This Saturday is International Day for Biological Diversity. If you’ve been following this celebration from its beginnings in 1993 (as I have not), you might recall that we (not me) used to celebrate it on December 29. But, what with so many countries having holidays around the end of December, they decided to move it in 2000 to May 22, where it has been ever since. The theme this year is Bioversity, Development, and Poverty Alleviation.
As with most UN-sponsored events, the theme is deadly boring, full of moral overtones, and yet critically important. Probably the greatest threat to the future of our planet is human poverty, because human misery provokes attempts to alleviate it. As it should. We must help relieve the suffering of our fellows; it’s inhuman, and inhumane, not to do so. The problem arises when our urgent desire to help motivates us to take shortcuts in doing so.
Think about Haiti, for example, which shares the island of Hispaniola with the Dominican Republic. The Haitian side of the island is completely deforested because the people need the wood from the trees to make charcoal to stay alive. Satellite images show the stark divide between the Haitian side of the border and the Dominican side; they also show the increased amount of illicit tree-cutting in the DR, motivated by survival necessity.

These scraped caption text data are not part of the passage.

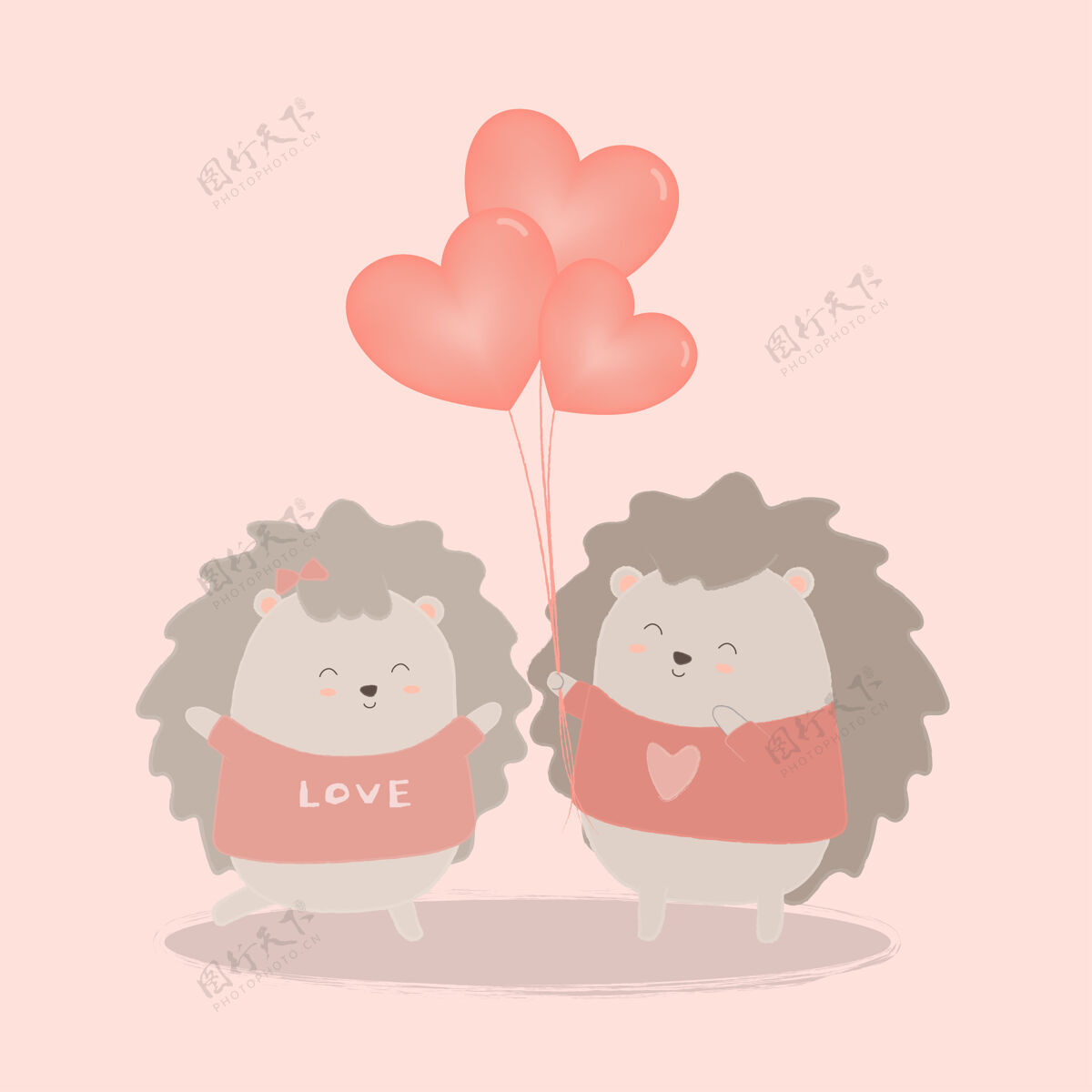 明信片刺猬送心气球给情侣们带着爱 孤立的卡通可爱的动物浪漫的动物情侣们相爱 情人节的概念 插画情侣情人节刺猬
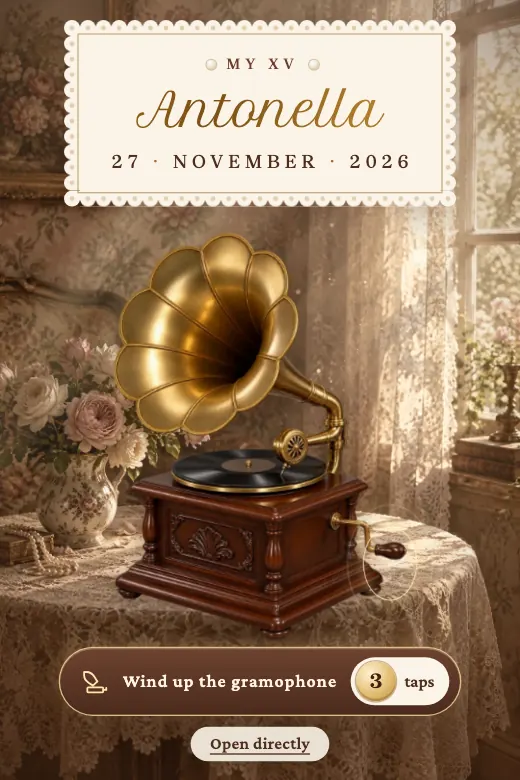 Design Vintage Gramophone — Wind up the gramophone: three touches and your waltz begins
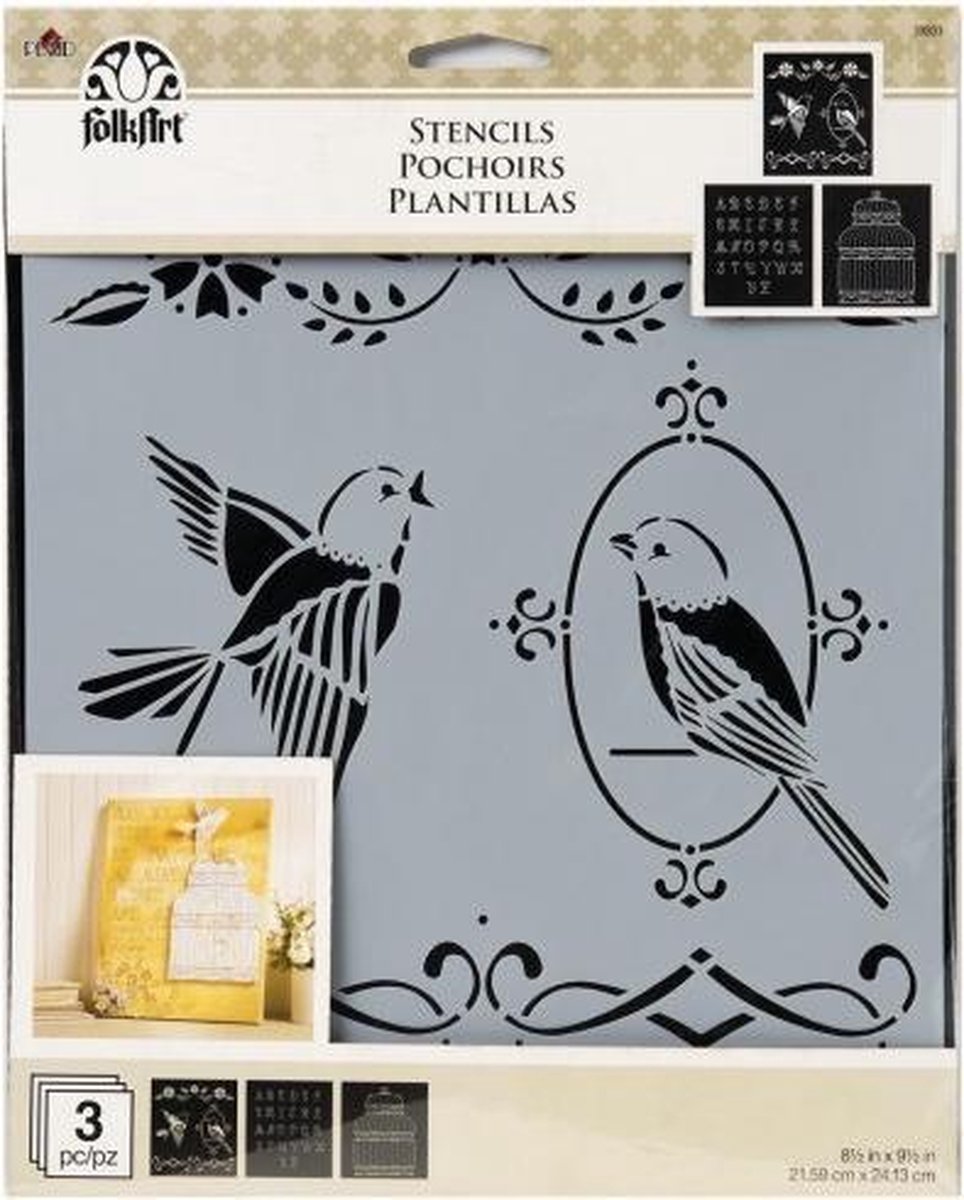 FolkArt Stencil - vogelkooi x3
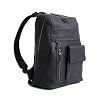 VELEZ Black Top Grain Leather Backpack + Garment Bag For Men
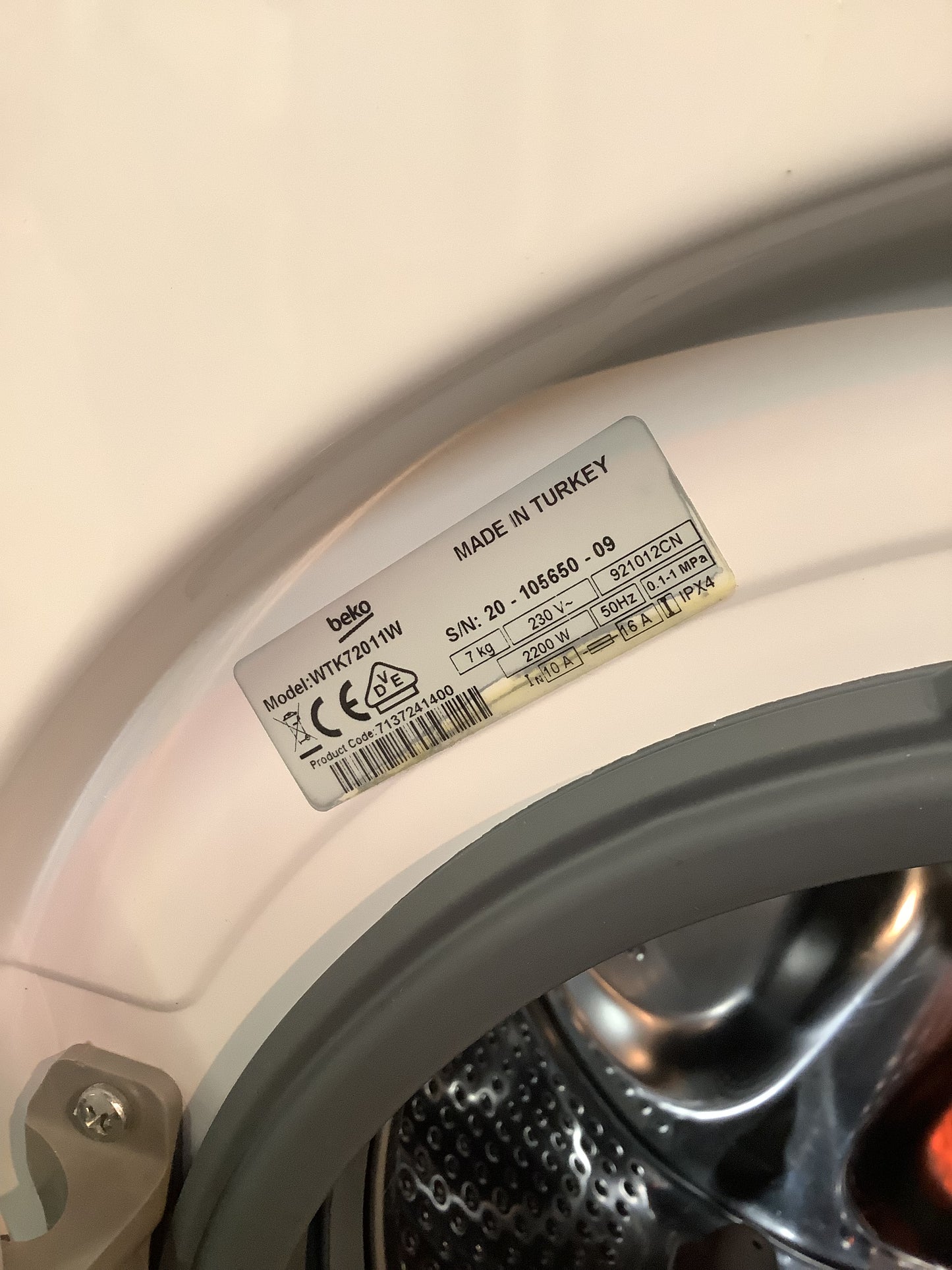 Beko Washing Machine WTK72011W L47719
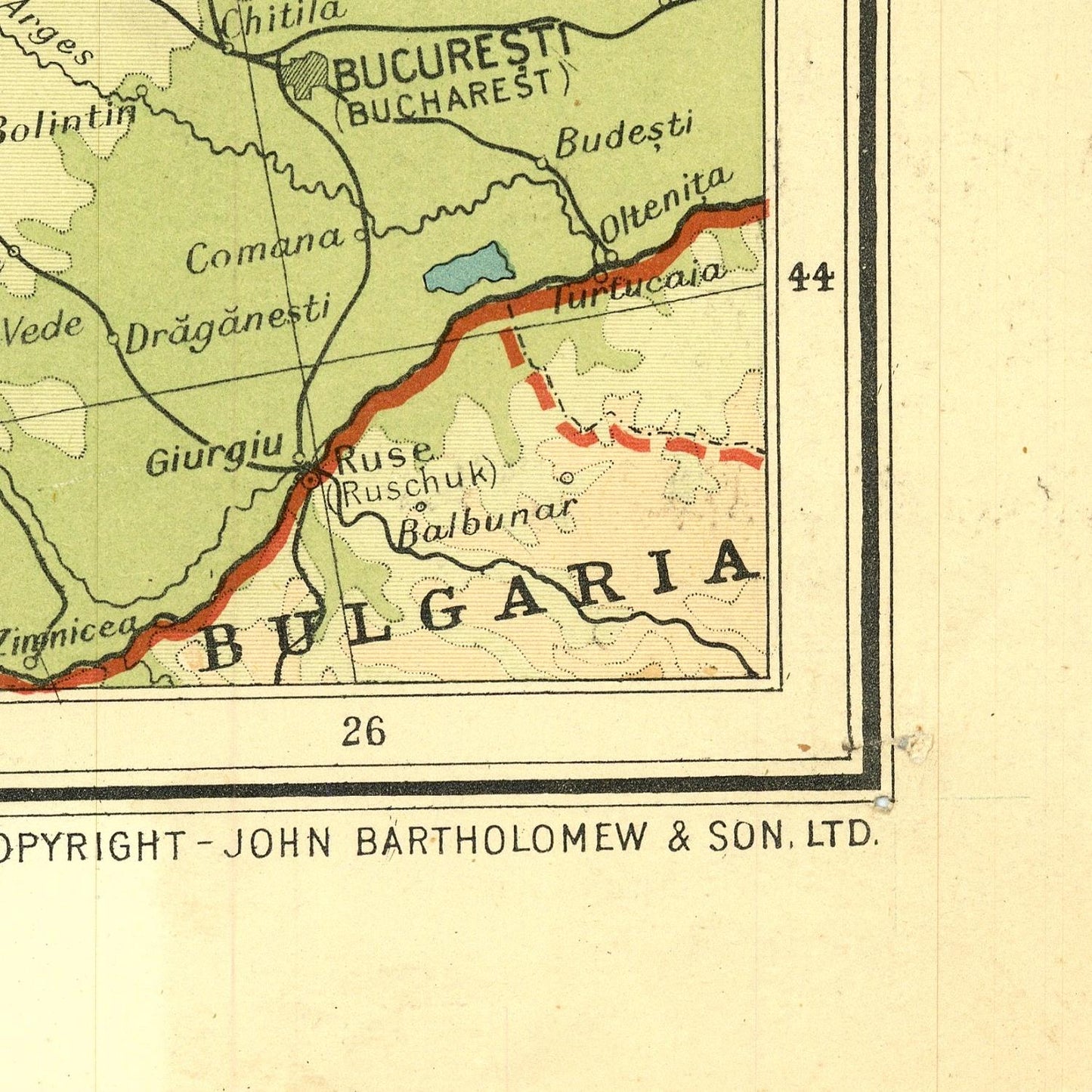 Map of Bulgaria with a focus on the border area, showing the names of towns and regions.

A better response would be to provide development opportunities that bring economic relief to the people, so they can buy food and fuel for themselves, and leave the forests alone. (Of course, it’s too late for Haiti’s forests now.) But when we rush in to develop a place, all full of high-minded idealism, we can set off a whole series of unintended consequences: wholesale clearing of land that might be the last refuge of endangered plant and wildlife species; conversion of natural soil-retaining mechanisms like grasses, forbs, shrubs, and trees into hardtop, which increases runoff and surface erosion; increased consumption of fuel and energy in inefficient, polluting mechanisms.
I don’t have an answer to any of these problems, but if more people at least acknowledged their existence, the people with the training to find answers to them might be motivated to do so.